Covax'ın dağıtım yetkililerinden Aurelia Nguyen,"Şu anda paylaşım çok az düzeyde ve ideal son kullanma tarihinin dolmasına çok az zaman kala, yeterince önceden haber verilmeden yapılıyor. Bu da bunların hemen kullanabilecek ülkelere nakledilmesini lojistik olarak çok zorlaştırıyor" diyor.
Yaşanan küresel bir aşı arzı sorunu değil. Küresel aşı arzı konusunda araştırmalar yapan Airfinity adlı kuruluşa göre zengin ülkeler ihtiyaçlarının üzerinde aşı stokluyor. Aşı üreticileri şu anda her ay 1,5 milyar doz aşı üretiyor ve yılın sonuna kadar 11 milyar doz aşı üretmiş olacaklar.
Airfinity'nin araştırma ekibinin başı Dr. Matt Linley, "Dev boyutlarda üretim yapıyorlar. Son üç-dört ay içerisinde üretim büyük artış gösterdi" diyor.

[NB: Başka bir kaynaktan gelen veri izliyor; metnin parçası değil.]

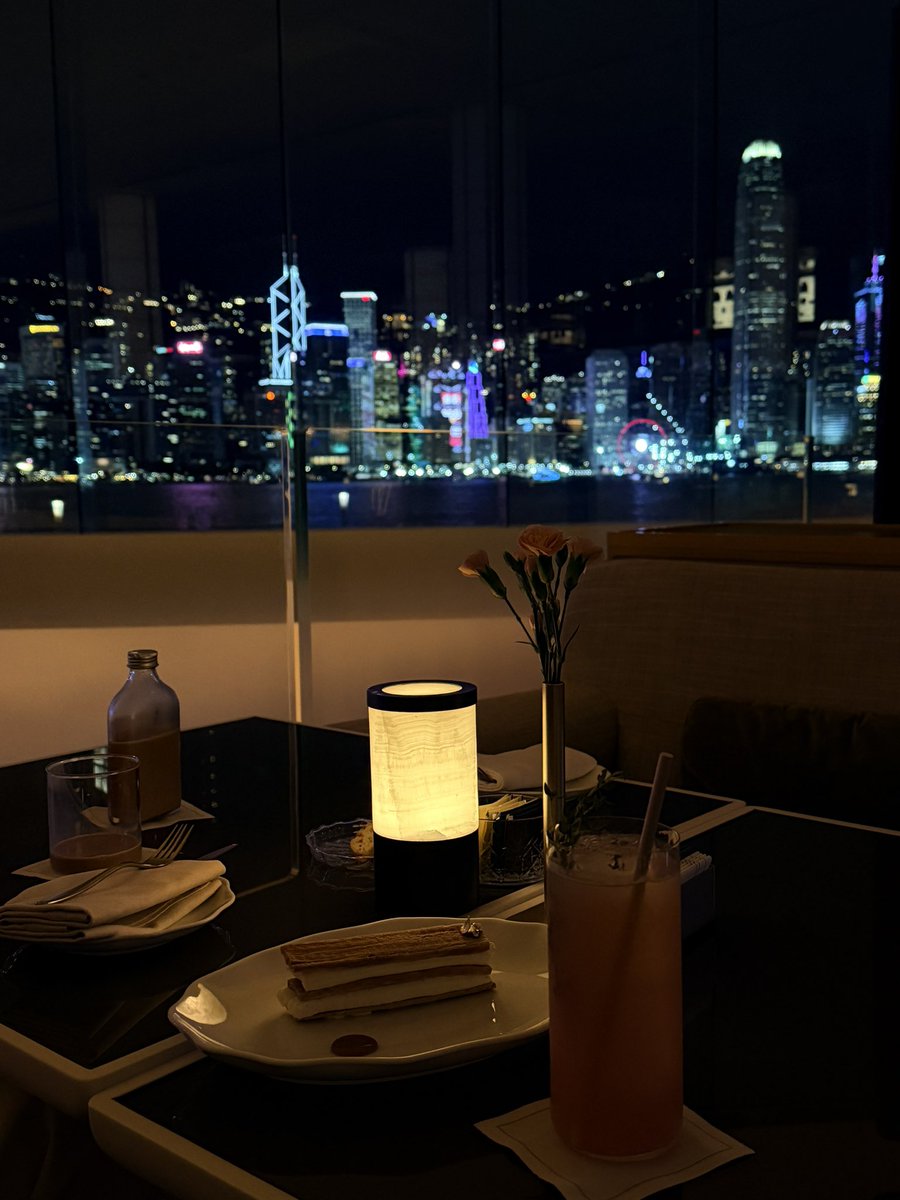 15hr👋🏻 tweet media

Dünyanın en zengin ülkelerinin elinde, üçüncü doz aşılamaya girişseler bile tahminen 1 milyar 200 milyon doz fazla aşı var.

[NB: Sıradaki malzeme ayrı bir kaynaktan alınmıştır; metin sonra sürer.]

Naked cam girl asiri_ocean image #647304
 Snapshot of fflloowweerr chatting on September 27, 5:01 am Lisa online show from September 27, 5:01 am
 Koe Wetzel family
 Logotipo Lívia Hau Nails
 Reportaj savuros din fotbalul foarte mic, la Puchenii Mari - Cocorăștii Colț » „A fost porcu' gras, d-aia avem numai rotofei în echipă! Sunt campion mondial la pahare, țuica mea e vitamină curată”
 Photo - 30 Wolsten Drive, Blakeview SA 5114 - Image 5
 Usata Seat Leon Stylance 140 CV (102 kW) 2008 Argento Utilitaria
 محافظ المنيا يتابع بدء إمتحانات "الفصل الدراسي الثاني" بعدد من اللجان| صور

Matt Linley'e göre bunların beşte biri yani 241 milyon doz aşı çok yakın bir tarihte bağışlanmadığı takdirde tarihi geçeceği için çöpe gitme riskiyle karşı karşıya. Yoksul ülkelerin son kullanma tarihine iki aydan az süre kalmış aşıları kabul etmeme ihtimali de yüksek.

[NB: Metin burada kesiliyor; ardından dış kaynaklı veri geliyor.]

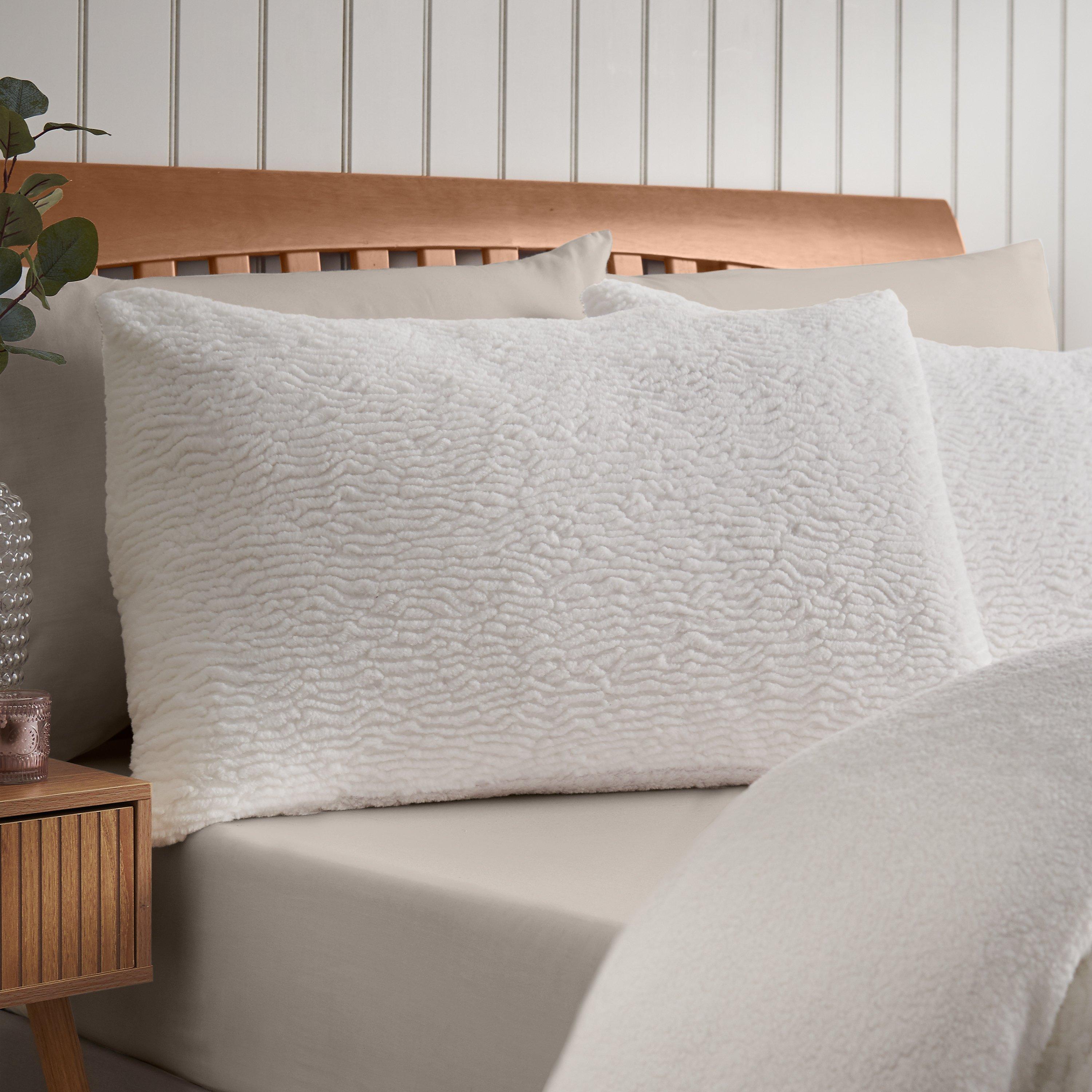 Cream - Catherine Lansfield - Textured Wave Faux Fur Duvet Cover Set - 2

Linley, "Zengin ülkelerin ille de açgözlülük nedeniyle bu aşıları stokladığını düşünmüyorum. Daha ziyade aşıların hangisinin etkili olacağını bilmedikleri için birçok farklı aşıyı birden sipariş ettiler" diyor.
Airfinity yaptığı son araştırma ile hükümetlere, sağlıklı bir aşı arzı bulunduğunu, stok yapmalarına gerek olmadığını anlatabilmeyi umuyor. Onun yerine ihtiyaç fazlasını hemen bağışlayabilir ve önümüzdeki aylarda aşı sıkıntısı çekmeyecekleri konusunda rahat olabilirler.
Agathe Demarais, "Hazırlıksız yakalanmak istemiyorlar" diyor ve ekliyor:
"Bu aynı zamanda iç politik baskılarla da ilgili çünkü seçmen muhtemelen henüz ülkede ihtiyaç olduğunu hissediyorsa aşıların başka ülkelere bağışlanmasından hiç memnun olmayacaktır."
'Aşı üreticilerinin Covax'a öncelik vermesi gerek'
Covax yetkilisi Aurelia Nguyen ise harekete geçmesi gerekenin sadece hükümetler olmadığını düşünüyor:
"Ayrıca üreticilerin de Covax'a bağış taahhütlerini yerine getirmeleri ve zaten yeterli doz aşısı olan ülkelerle yaptıkları ikili anlaşmalara göre önceliği bize vermeleri gerekiyor."
Eğer aşı üreticileri şu anda ayda 1,5 milyar doz aşı üretiyorsa, Nguyen'e göre cevaplanması gereken en önemli soru neden yoksul ülkelere bu kadar az aşı ulaştığı olmalı.
Nguyen, "Covax'ın çok büyük ihtiyacı varken hükümetler kuyrukta geri sıraya geçmeli ve bizim sipariş ettiğimiz aşıları biran önce almamıza fırsat vermelidir" diyor.
Bahar ve ailesi için bu hesaplar bazı rakamlardan ibaret değil, her biri gerçek hayatlara, eş dost ve akrabaların hayatlarına tekabül ediyor.
Bahar iki-üç günde bir, tanıdığı birinin daha öldüğü haberini alıyor. Üniversitede arkadaşları aşı olmak istemediklerini söylediklerinde onlara karşı çıkmış ama artık çok üzücü bulduğu bu tartışmalara giremiyor bile.
"Aldırmamaya çalışıyorum ama insanların ellerindeki ayrıcalıkları kullanmadığını görmek gerçekten çok zor" diyor.